Secretary of State conducts random audit of voting equipment in four towns

Secretary of State Jim Condos is embarking on an exercise to reassure skeptical Vermont voters that the state’s voting equipment counts votes accurately, by auditing voting machines in four randomly selected towns.

On Thursday in Montpelier, Condos will supervise a hand count of votes cast in the state treasurer’s race and the U.S. representative races, in Essex, Barre, Brandon and Newfane, comparing the hand count total to the machine count total.

Condos told VTDigger he hasn’t received specific complaints about these races or towns, describing the procedure as a standard check on the integrity of voting machines used in 108 municipalities, authorized under legislation passed in 2006.  The audits can’t change the actual election results, unlike a recount, which has to be requested by a candidate and conducted by a court.

Barre and Essex were randomly selected, while Brandon and Newfane were selected purposefully afterwards to ensure a geographically diverse audit, evenly spread among towns with large and small populations. Only statewide races can be audited, and the two races selected were not chosen for any particular reason, said Condos.

“There are people out there who think the machines can be manipulated,” said Condos, who added that he presently isn’t concerned about serious vote manipulations or errors. “We’re doing this random audit as a continuing effort to ensure the integrity of the election.”

“Because this is done post-canvas, we can’t change the election results,” he explained. “So if we were to find a real problem, then we’d have to look at it the next time to fix it.”

Condos couldn’t put a hard figure to the vote difference between a hand recount and the original machine count which would trigger further action, saying the threshold depended on individual races and towns.

If there’s evidence of fraud, the Secretary of State is required to pass the matter to the attorney general. Condos doesn’t know of any past cases where fraud or error have been attributed to vote counting machines, which were first introduced in some Vermont towns in 1992.

In fact, he said, recounts in 2006 and 2010 for the auditor’s race and the governor’s race respectively indicated that voting machines counts were more reliable than hand counts.

The Secretary of State also conducted random election audits in 2006, 2008, and 2010. In the 2008 audit of the governor’s and lieutenant governor’s race, the largest vote change between a hand count and an electronic count came to 11 votes, in Stowe.

Towns must first pass a vote allowing the use of vote counting machines, before they’re adopted by local elections officials. Condos estimated that about 175 voting machines are in use throughout the state.

Nat Rudarakanchana

Comments

  1. Jeremy Hansen :

    “There are people out there who think the machines can be manipulated,” said Condos, who added that he presently isn’t concerned about serious vote manipulations or errors.

    He is clearly not concerned with vote manipulation or issues with the voting machines, as he was quick to dismiss my and my colleagues’ suggestions for improvements to the current administration of elections with these devices. He told the Times Argus that “he thought most of the recommendations were already being implemented by the state.” It’s not clear at all that the recommendations have been implemented.
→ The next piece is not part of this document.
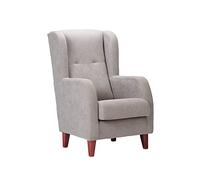 Sillonea- Sillón Estrecho Lisboa, Especial Ancho DE 67 cm, butaca de Estilo Moderno. Sillón Individual Acolchado para salón o Dormitorio. 67x80x107 cm. Tela Antimanchas (Gris, Cerezo)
    Setting aside for a moment the issues of a pattern of security vulnerabilities in this same model and that citizens don’t have any way to inspect that the software running on these devices actually does what it is supposed to, we made these recommendations:

    1. Require that the Elections Division be informed of problems with the optical scanner memory cards and/or
    tabulator as such problems occur and prior to LHS [Associates, a corporation in Massachusetts] being
    contacted.

    2. Require that city/town election officials fill out Form A for problems with both memory cards and tabulators
    and correct Election Day Procedures at page 5-3 to apply to both memory cards as well as tabulators.

    3. Require that city/town election officials begin to fill out Form A for documenting the nature of problems with
    the memory cards and/or tabulators immediately upon becoming aware of such a problem (rather than later
    when memory may not be precise).

    4. Require that LHS staff complete Form B contemporaneously with their work.

    5. Require that both city/town elections officials and LHS staff transmit Forms A and B to the Secretary of State
    elections staff immediately either by FAX or electronically.

    6. Require that elections division staff have a procedure for suspending the use of optical scanners in a
    municipality and/or across the state, when problems with memory cards and/or tabulators reaches a threshold
    which warrants suspension.

    7. Require that you, as Secretary of State, be contemporaneously informed when problems with memory card
    and/or tabulators reaches a certain level.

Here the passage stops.